问题
It is my understanding that the itertools functions are written in C. If i wanted to speed this example code up:
import numpy as np
from itertools import combinations_with_replacement
def combinatorics(LargeArray):
newArray = np.empty((LargeArray.shape[0],LargeArray.shape[0]))
for x, y in combinations_with_replacement(xrange(LargeArray.shape[0]), r=2):
z = LargeArray[x] + LargeArray[y]
newArray[x, y] = z
return newArray
Since combinations_with_replacement
is written in C, does that imply that it can't be sped up? Please advise.
Thanks in advance.
回答1:
It's true that combinations_with_replacement
is written in C, which means that you're not likely to speed up the implementation of that part of the code. But most of your code isn't spent on finding the combinations: it's on the for
loop that does the additions.
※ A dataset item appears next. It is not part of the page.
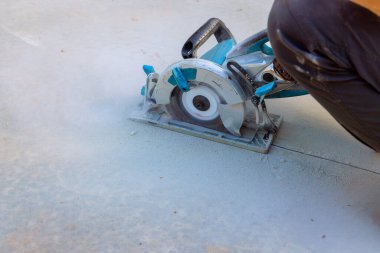 Kesme makinesi öğütücüsünü kullanan inşaat işçileri, döküldükten sonra beton temelleri kesiyor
You really, really, really want to avoid that kind of loop if at all possible when you're using numpy. This version will do almost the same thing, through the magic of broadcasting:
def sums(large_array):
return large_array.reshape((-1, 1)) + large_array.reshape((1, -1))
For example:
>>> ary = np.arange(5).astype(float)
>>> np.triu(combinatorics(ary))
array([[ 0., 1., 2., 3., 4.],
[ 0., 2., 3., 4., 5.],
[ 0., 0., 4., 5., 6.],
[ 0., 0., 0., 6., 7.],
[ 0., 0., 0., 0., 8.]])
>>> np.triu(sums(ary))
array([[ 0., 1., 2., 3., 4.],
[ 0., 2., 3., 4., 5.],
[ 0., 0., 4., 5., 6.],
[ 0., 0., 0., 6., 7.],
[ 0., 0., 0., 0., 8.]])
The difference is that combinatorics
leaves the lower triangle as random gibberish, where sums
makes the matrix symmetric. If you really wanted to avoid adding everything twice, you probably could, but I can't think of how to do it off the top of my head.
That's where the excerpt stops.